A report in the Guardian today included a rather curious statement. Covering a speech by Labour Party leader Ed Milliband at Whitelee Wind Farm near Glasgow, Damian Carrington claimed the following:
The windfarm, which spreads out across low, heather-clad hills, currently has 140 turbines and will add another 75 turbines soon, giving it a capacity equivalent to more than half a nuclear power station (about 550MW).
Now, it is true that the capacity of most nuclear power plants is somewhere around 1000 MW, however one would expect that a journalist who regularly writes about energy would understand that 550 MW of wind was not equivalent to 550 MW of nuclear.
So, how much of a 1 GW nuclear power plant would 550 MW of wind be equivalent to? For a start the (“nameplate”) capacity of a plant is its maximum output, not its average output.

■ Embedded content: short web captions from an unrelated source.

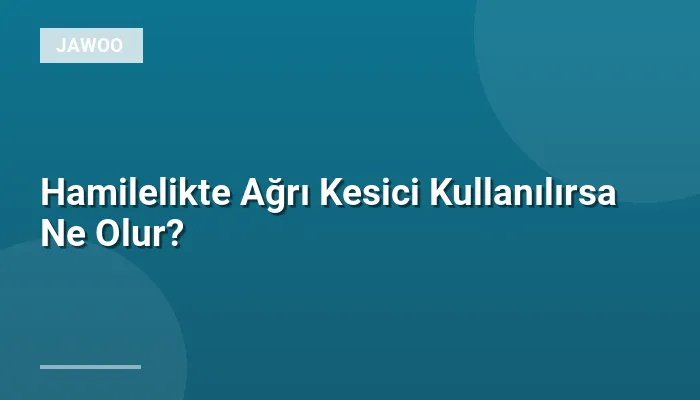 Hamilelikte Ağrı Kesici Kullanılırsa Ne Olur?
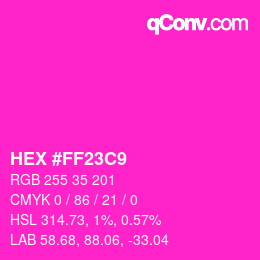 Color code: HEX #FF23C9 | qconv.com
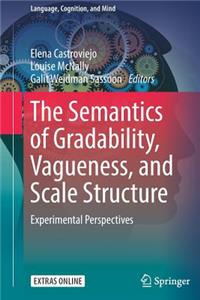 Semantics of Gradability, Vagueness, and Scale Structure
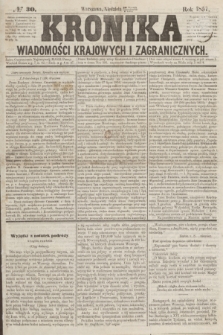 Kronika Wiadomości Krajowych i Zagranicznych. [R.2], № 30 (1 lutego 1857)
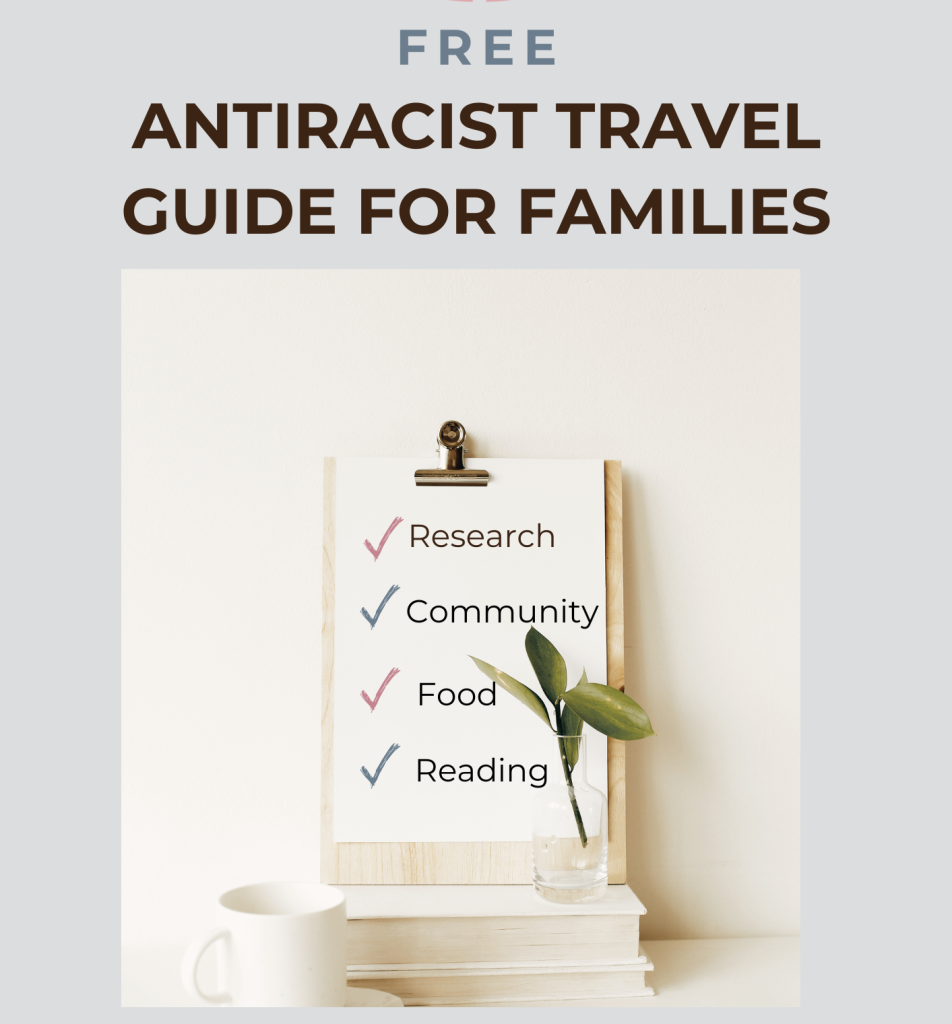 A clipboard with checkmarks on items for an antiracist travel guide from Beautiful Brown Adventures for families with young children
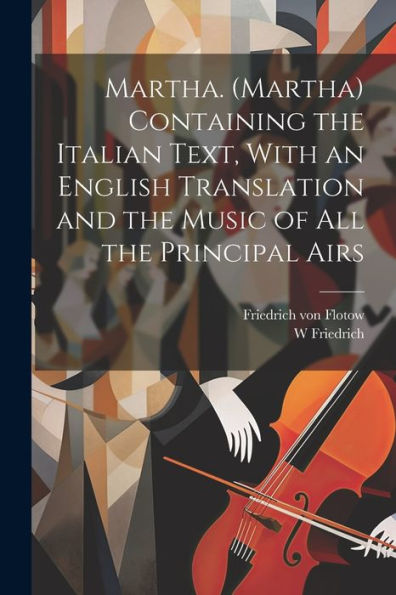 Martha. (Martha) Containing The Italian Text, With An English Translation And The Music Of All The Principal Airs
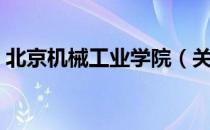 北京机械工业学院（关于北京机械工业学院）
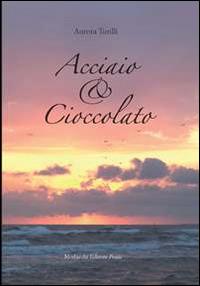 Acciaio & cioccolato - Aurora Turilli - Libro Morlacchi 2014 | Libraccio.it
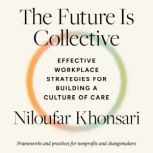 The Future Is Collective, Niloufar Khonsari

Wind power, as everyone knows varies. The key issue here is capacity factor, the ratio of actual output against its “nameplate capacity.” The US for example has the world’s largest nuclear fleet and had an average capacity factor of 89% in 2011. (figures for other countries available here)
What about Whitelee Wind Farm? Based on this marketing leaflet for the extension of Whitelee, its current capacity factor is about 30%. So, instead of the wind farm’s capacity being the equivalent of half a nuclear power plant, as the Guardian claimed, it is the equivalent of less than a quarter.
None of this is anti-wind, it is simply pro-arithmetic.